In this article, we respond to the brief exchange between the Workers' Solidarity Alliance 
(WSA-IWA) and the Center for a Stateless Society (C4SS). ---- Have you ever noticed that 
when you are in an argument you want to have the last word? It often feels like the last 
word contains its own authority, as if you are the assaulted party and now you have 
defended an honorable view. In debate, this is referred to as the "last word" fallacy; a 
bias towards the most recent argument and likelihood to be swayed by it. Can we combat 
these biases in arguments of value or, more pertinently, ones of fact? The most recent 
political climate is emblematic of effective misinformation and narrative based politics. 
Far Left and far Right political thinkers can believe themselves outside of the influences 
of "centrist" politics, but maybe they too are gripped by the "truths" of bias. The 
inherent vice of a political stance is a loss of objectivity, but a gain of effectiveness. 
Can we actually argue a point legitimately, or will we forever circle mainstream politics 
in a purgatory of "truths?"

R. and Sousa's A Free Market Fantasy, served to respond, in part, to a very brief, 
substance-less, article published by Byas, titled Toward an Anarchy of Production, which 
made an argument for "free markets" in anarchism and the lack of emphasis of "markets" in 
the anarcho-syndicalist community. The anarcho-syndicalist community, as Byas describes, 
is a non-scalable or socio-changeable system if as he says the following:

"Any society worth calling "anarchist" is going to be one that can continually adapt to 
the needs and desires of the individuals within that society. This adaptation must also be 
to the interests of the entire community, not toward the limited aims of a specific class 
of people. There must be ceaseless social experimentation, and there must be incentives 
toward developing institutions that benefit everyone and weeding out those that don't... 
This requires markets, which are uniquely able to account for variation in ways that 
other, more deliberately constructed social arrangements cannot. That 
information-gathering function of the market process is typically just praised for its 
efficiency, but this overlooks its potential as an engine of social change."

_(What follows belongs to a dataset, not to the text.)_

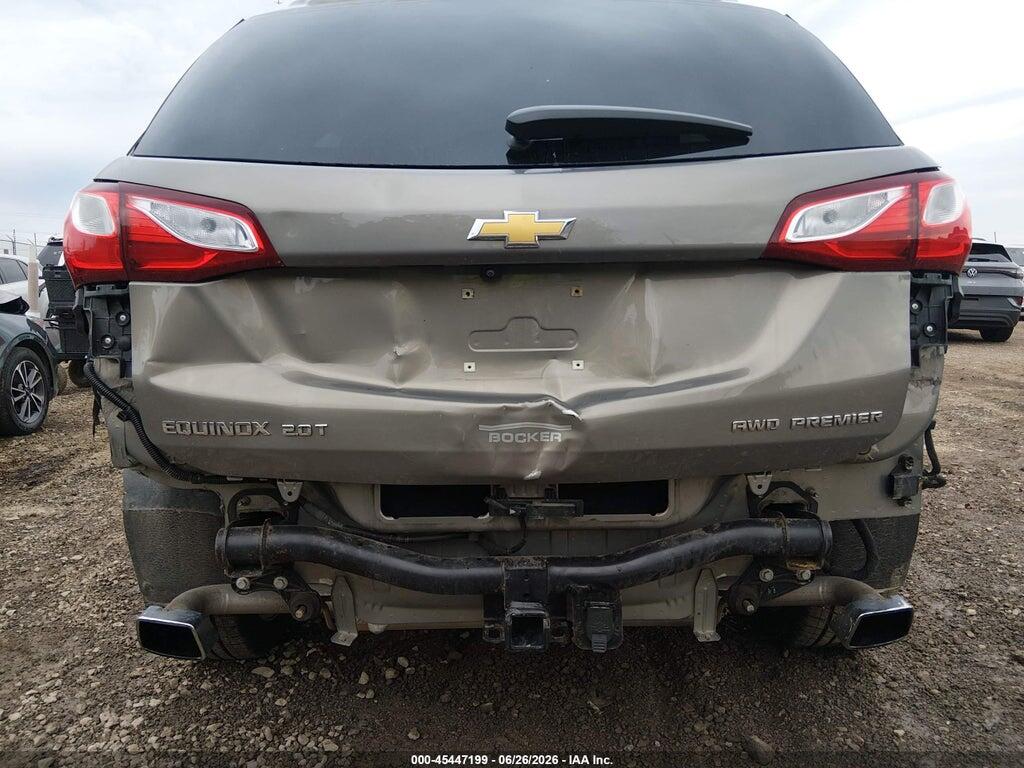 3GNAXYEX0KS585279 2019 CHEVROLET EQUINOX photo no. 6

This, as R. and Sousa point out, is not consistent with the intellectual framers of 
anarcho-syndicalist constructs (Rocker, Bakunin, Chomsky, Kropotkin and so on) and is 
therefore likely a point of view that presupposes the veracity of the anarcho-capitalist 
perspective and foundationally relies on the thinking of Tucker and others. It is actually 
quite a leap of logic to call "free-markets" efficient in a positive meaning, as many 
philosophers and social thinkers argue that they are efficient at extracting maximal 
profit via minimal investment from "moneyed monopolies," which goes against Tucker's 
position. If we were to analyze markets from a Marxist-environmental perspective, we may 
reach a more disquieting conclusion about their supposed efficiencies.

As the Center for a Stateless Society (C4SS) article is free of empirically derived 
reasoning (as is almost all literature in the libertarian and/or anarchist communities) we 
must use argumentation based on foundation, structure, and axioms.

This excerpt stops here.